On July 28th, 2022, the consecutive days of heavy rain resulted in a “flood of the century” in Eastern Kentucky, washing away my car and leaving mud on the floors of my home. Second night and third day in returning on the trail back in Pennsylvania after the weeks of recuperation, this news was a complete blow to anything I could have imagined as a reason to get me off the AT for good. End of my dream of being a thru hiker. The 3 inch, 10 stitches gash in my forehead couldn’t convince me before. I left the trail at 1183.5 miles in. Leaving me a little past the midway point with a Harry Potter scar as a souvenir.
The concept of home was something I have contemplated on for many years. Probably since my youth, experiencing 11 moves by 12 and another 11 or so in the 20 year residency in Florida. That is quite a bit of roofs above my head to call them my home. Not enough years in each of these dwellings to perhaps even call it that. If home is not in a building, defined in a house or a neighborhood for this matter, I was shown well in my life to seek what could define “home” as I see it. Like my knee, this maybe coming closer to perhaps, mending.

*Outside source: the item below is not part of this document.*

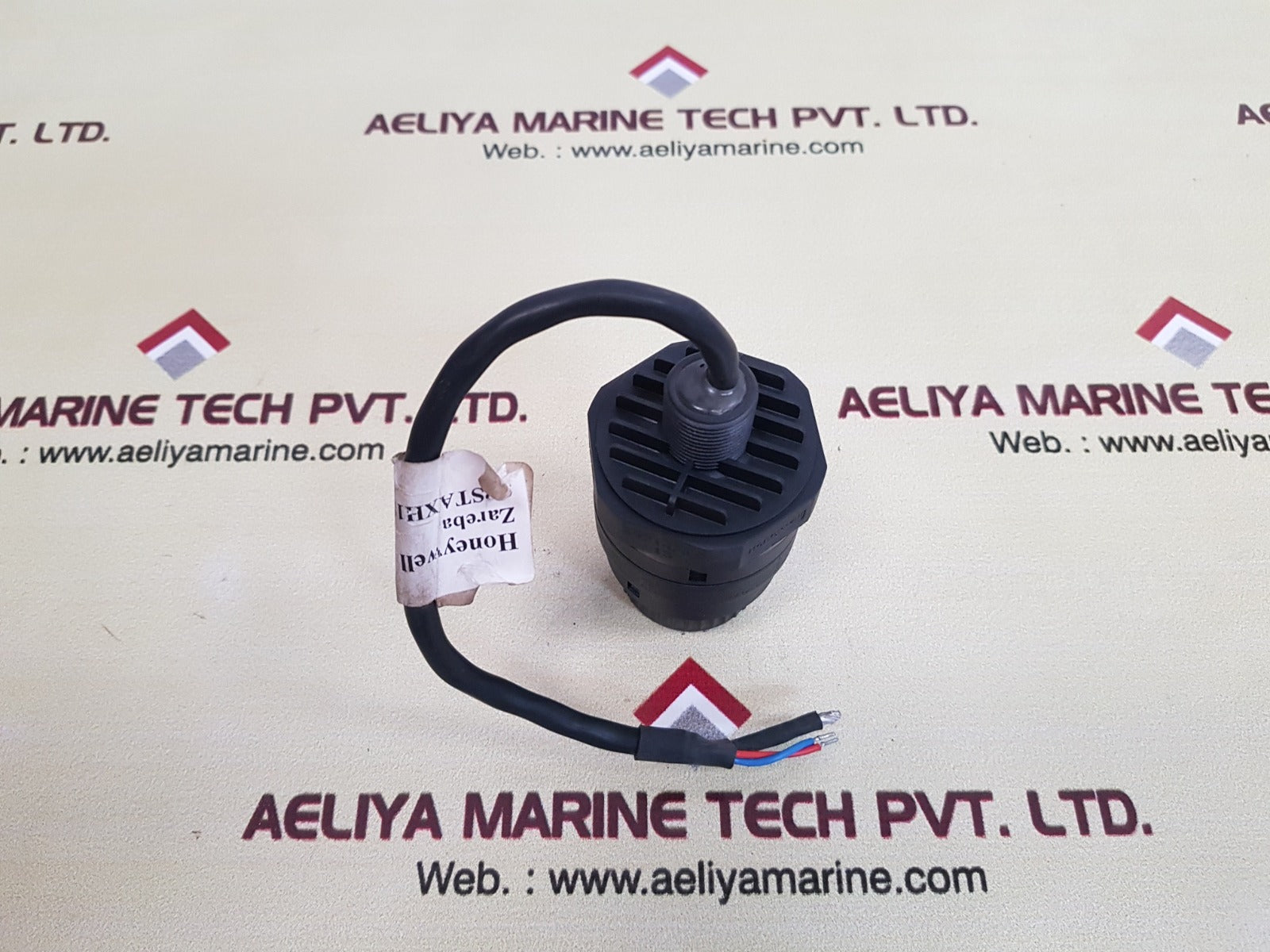 Honeywell 2106b1401 toxic sensor ppm: 1504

My master’s “dissertation” was called “Match Seller’s Syndrome”. It was an interactive immersive sculptural exhibition of three paper houses that hung from the ceiling, each containing videos of people eating together. The TV gave off ambient light that lit the translucent houses. One could hear the mumbling conversation of people eating but couldn’t really see who they were or what they were saying. It was my attempt to recreate the commute back from school on chilly winter evenings, walking through the narrow streets of my newly built house in Tokyo, listening, smelling and seeing the moving lights of houses with frosted windows. I, always an outsider, wishing that I was with them, in their routine of simply eating with their family. Something my dad tried to do for me but couldn’t do, perhaps a shared dream by both of us. A house with family, doing family things. Mundane happiness from the ordinary routine, something we both never had as a child.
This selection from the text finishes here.